Non–fusogenic P/rds was generated by using site–directed mutagenesis to neutralize key charged residues in the CHR (E321L, K324A). A transgene construct consisting of the opsin promoter region, the non–fusogenic P/rds coding region and a protamine 1 polyadenylation sequence was used to generate transgenic mice that were backcrossed onto C57BL6/J and rds (+/–) backgrounds. Western blot, immunoprecipitation, and sedimentation analyses were used to assess protein structure. Light, fluorescence, and electron microscopy were used to characterize retinal structure, transgenic protein localization, and photoreceptor/RPE ultrastructure and viability.

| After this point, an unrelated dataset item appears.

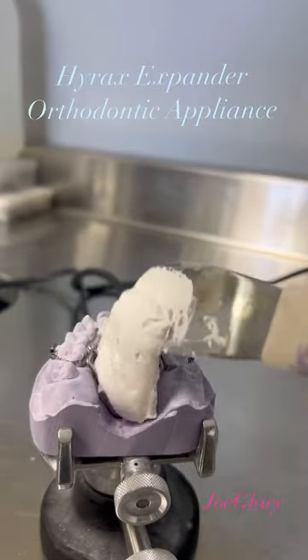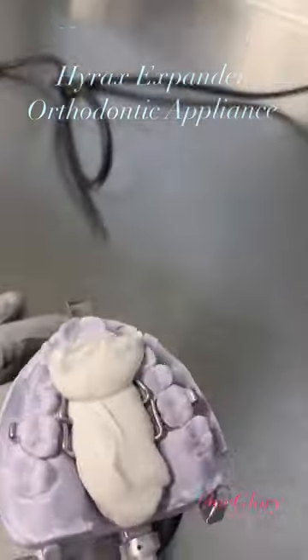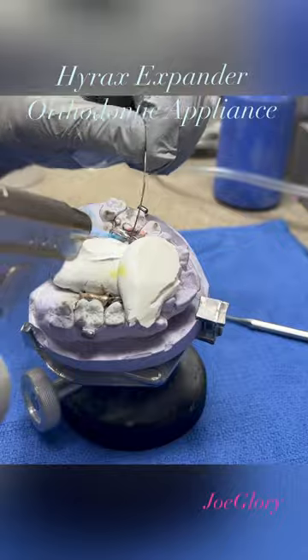I'm using this blaster just to cover up the metal — I don't want to overburn the metal. Now I'm ready for soldering, and I love soldering.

Non–fusogenic P/rds is detected in retinas of transgenic mice by Western blot analysis; the polypeptide displays normal electrophoretic mobility and post–translational modifications, including N–linked glycosylation and intermolecular disulfide formation. It assembles normally into a tetrameric form that is properly targeted and localized to photoreceptor outer segments. Expression of this transgene effects a rescue of OS structure in rds (+/–) retinas. The presence of non–fusogenic P/rds in photoreceptors with a normal complement of endogenous WT P/rds does not measurably affect OS morphology or photoreceptor viability in 6–12 week old animals, but results in an increased frequency of phagosomes in the RPE.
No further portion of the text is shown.